Leo Mosey

Personal information
- Full name: Leo Andreas Mosey
- Date of birth: 7 February 2007 (age 19)
- Place of birth: Biak Numfor, Indonesia
- Position: Goalkeeper

Team information
- Current team: PSBS Biak
- Number: 22

Youth career
- 2025–: PSBS Biak U20

Senior career*
- Years: Team / Apps / (Gls)
- 2025–: PSBS Biak / 0 / (0)

= Leo Mosey =

Indonesian footballer (born 2007)

Leo Andreas Mosey (born 7 February 2007) is an Indonesian professional footballer who plays as a goalkeeper for Super League club PSBS Biak.

==Club career==
===PSBS Biak===
Mosey developed his early footballing career within the youth apparatus of PSBS Biak. On 1 September 2025, he officially signed a professional youth contract to join the club's under-20 squad competing in the Elite Pro Academy (EPA) league system.

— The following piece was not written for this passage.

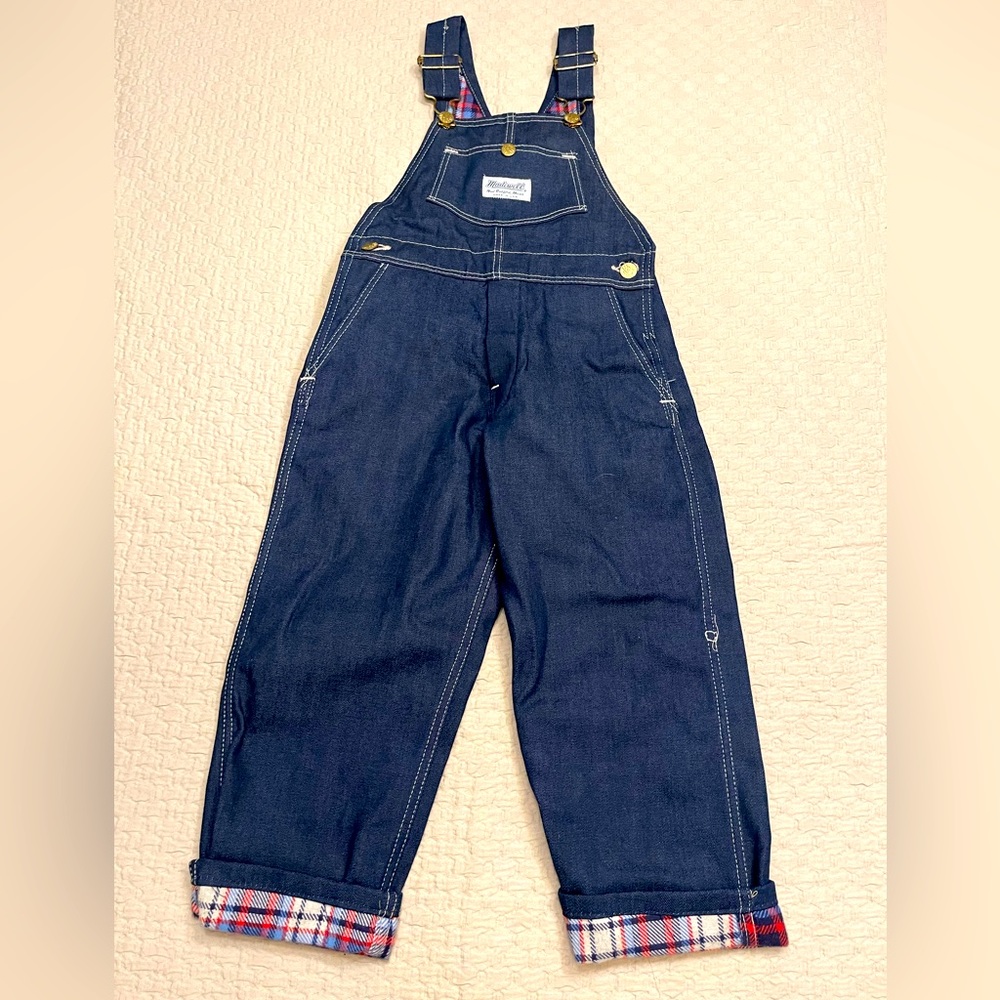 New w Tags Vintage Madewell Flannel Lined Overalls Bibs Denim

Following structural squad adjustments, Mosey was registered under the primary senior squad list for the 2025–26 Super League campaign, securing the number 22 shirt. He made consistent appearances as the backup goalkeeper on the senior matchday substitute bench throughout the season, including during a fixture against Persis Solo at the Manahan Stadium.